Perhaps for the first time the longing that she had often expressed in her singing, obedient to poet and composer, invaded her own soul. Without music she was what with music she had often seemed to be—a creature of wayward and romantic desires, a yearning spirit, a soaring flame.

At that moment she could have sung better than she had ever sung.

On the programme the names of her songs did not appear. They were represented by the letters A and B. She had not decided yet what she would sing. But now, moved by feeling to the longing for some action in which she might express it, she resolved to sing something in which she could at least flutter the wings she longed to free, something in which the angel could lift its voice, something that would delight the believers in the angel and be as far removed from Miss Schley’s imitations as possible.

After a time she chose two songs. One was English, by a young composer, and was called “Away.” It breathed something of the spirit of the East. The man who had written it had travelled much in the East, had drawn into his lungs the air, into his nostrils the perfume, into his soul the meaning of desert places. There was distance in his music. There was mystery. There was the call of the God of Gold who lives in the sun. There was the sound of feet that travel. The second song she chose was French. The poem was derived from a writing of Jalalu’d dinu’r Rumi, and told this story.

One day a man came to knock upon the door of the being he loved. A voice cried from within the house, “Qui est la?” “C’est moi!” replied the man. There was a pause. Then the voice answered, “This house cannot shelter us both together.” Sadly the lover went away, went into the great solitude, fasted and prayed. When a long year had passed he came once more to the house of the one he loved, and struck again upon the door. The voice from within cried, “Qui est la?” “C’est toi!” whispered the lover. Then the door was opened swiftly and he passed in with outstretched arms.

Having decided that she would sing these two songs, Lady Holme sat down to go through them at the piano. Just as she struck the first chord of the desert song a footman came in to know whether she was at home to Lady Cardington. She answered “Yes.” In her present mood she longed to give out her feeling to an audience, and Lady Cardington was very sympathetic.

In a minute she came in, looking as usual blanched and tired, dressed in black with some pale yellow roses in the front of her gown. Seeing Lady Holme at the piano she said, in her low voice with a thrill in it:

“You are singing? Let me listen, let me listen.”

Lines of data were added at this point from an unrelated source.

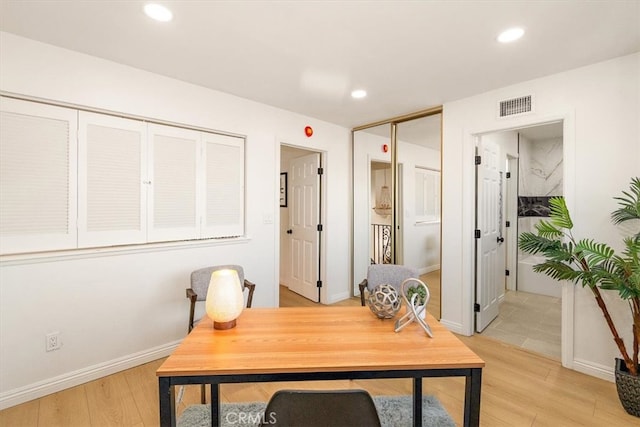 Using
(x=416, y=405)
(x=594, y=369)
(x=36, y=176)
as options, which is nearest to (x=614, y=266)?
(x=594, y=369)

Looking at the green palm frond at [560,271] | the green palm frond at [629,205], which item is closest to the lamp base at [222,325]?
the green palm frond at [560,271]

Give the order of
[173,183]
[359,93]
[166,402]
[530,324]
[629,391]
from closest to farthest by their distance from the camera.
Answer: [166,402], [629,391], [173,183], [359,93], [530,324]

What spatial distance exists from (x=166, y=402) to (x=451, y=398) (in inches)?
76.8

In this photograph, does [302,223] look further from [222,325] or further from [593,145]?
[593,145]

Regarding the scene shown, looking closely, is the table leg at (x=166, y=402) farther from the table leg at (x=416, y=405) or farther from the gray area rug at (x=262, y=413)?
the table leg at (x=416, y=405)

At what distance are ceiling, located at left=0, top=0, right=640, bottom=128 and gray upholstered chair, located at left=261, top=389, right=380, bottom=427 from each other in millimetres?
1953

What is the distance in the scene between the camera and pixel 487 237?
11.2 ft

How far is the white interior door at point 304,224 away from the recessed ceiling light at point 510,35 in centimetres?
257

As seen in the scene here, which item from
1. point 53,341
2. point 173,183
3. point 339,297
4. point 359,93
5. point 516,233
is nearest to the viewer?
point 53,341

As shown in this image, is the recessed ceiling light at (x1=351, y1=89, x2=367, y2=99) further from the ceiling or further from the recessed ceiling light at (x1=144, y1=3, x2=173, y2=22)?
the recessed ceiling light at (x1=144, y1=3, x2=173, y2=22)

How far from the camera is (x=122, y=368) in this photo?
2506mm

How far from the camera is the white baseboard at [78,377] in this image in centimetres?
205

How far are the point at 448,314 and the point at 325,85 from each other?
9.15 feet

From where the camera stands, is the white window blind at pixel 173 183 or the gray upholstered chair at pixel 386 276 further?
the white window blind at pixel 173 183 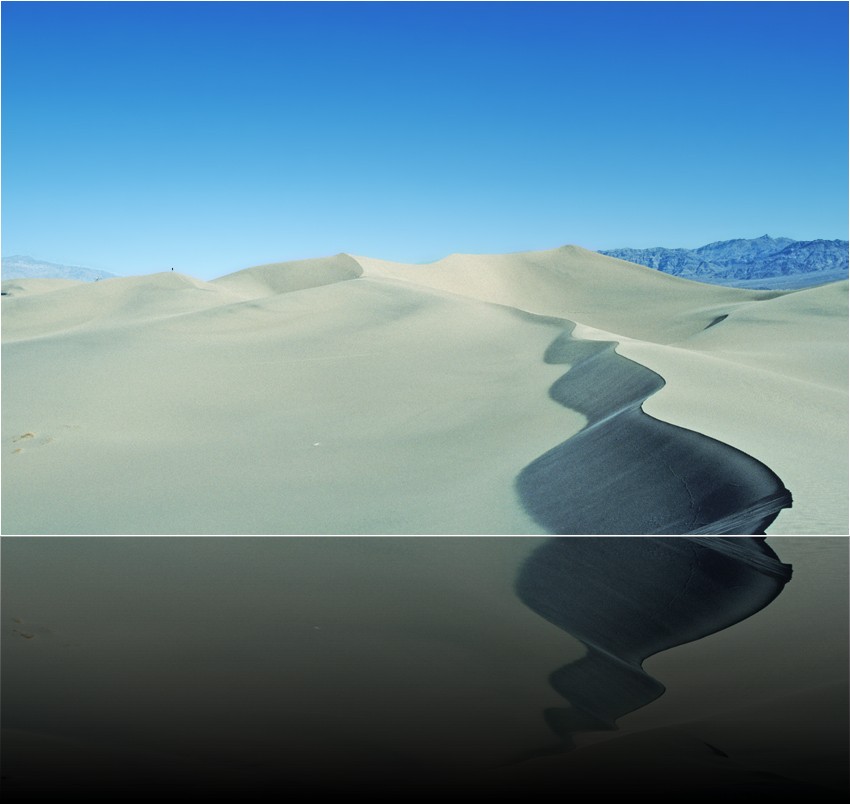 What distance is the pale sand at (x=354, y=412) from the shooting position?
684 centimetres

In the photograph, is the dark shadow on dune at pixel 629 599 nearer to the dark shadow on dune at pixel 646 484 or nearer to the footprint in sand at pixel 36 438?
the dark shadow on dune at pixel 646 484

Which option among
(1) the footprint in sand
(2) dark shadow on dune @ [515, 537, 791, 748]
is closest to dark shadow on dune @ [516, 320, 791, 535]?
(2) dark shadow on dune @ [515, 537, 791, 748]

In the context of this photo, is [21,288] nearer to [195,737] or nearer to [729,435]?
[729,435]

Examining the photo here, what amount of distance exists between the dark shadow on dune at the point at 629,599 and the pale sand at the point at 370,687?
49mm

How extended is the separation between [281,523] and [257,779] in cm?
500

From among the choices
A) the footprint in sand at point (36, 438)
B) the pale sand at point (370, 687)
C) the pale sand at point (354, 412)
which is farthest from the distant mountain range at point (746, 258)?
the pale sand at point (370, 687)

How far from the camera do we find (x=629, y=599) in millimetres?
3057

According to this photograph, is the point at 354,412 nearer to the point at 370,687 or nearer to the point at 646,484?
the point at 646,484

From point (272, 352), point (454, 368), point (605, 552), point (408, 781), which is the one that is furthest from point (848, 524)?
point (272, 352)

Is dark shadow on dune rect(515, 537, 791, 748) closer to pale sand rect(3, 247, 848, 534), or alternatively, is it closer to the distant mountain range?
pale sand rect(3, 247, 848, 534)

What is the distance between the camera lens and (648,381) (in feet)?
29.7

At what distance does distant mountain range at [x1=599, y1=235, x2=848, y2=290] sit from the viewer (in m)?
103

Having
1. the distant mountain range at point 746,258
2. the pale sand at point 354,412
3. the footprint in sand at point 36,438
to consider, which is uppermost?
the distant mountain range at point 746,258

She did not come up to shake hands, but at once sat down at a short distance from the piano, leaned back, and gazed at Lady Holme with a strange expression of weary, yet almost passionate, expectation.

Lady Holme looked at her and at the desert song. Suddenly she thought she would not sing it to Lady Cardington. There was too wild a spell in it for this auditor. She played a little prelude and sang an Italian song, full, as a warm flower of sweetness, of the sweetness of love. The refrain was soft as golden honey, soft and languorous, strangely sweet and sad. There was an exquisite music in the words of the refrain, and the music they were set to made their appeal more clinging, like the appeal of white arms, of red, parting lips.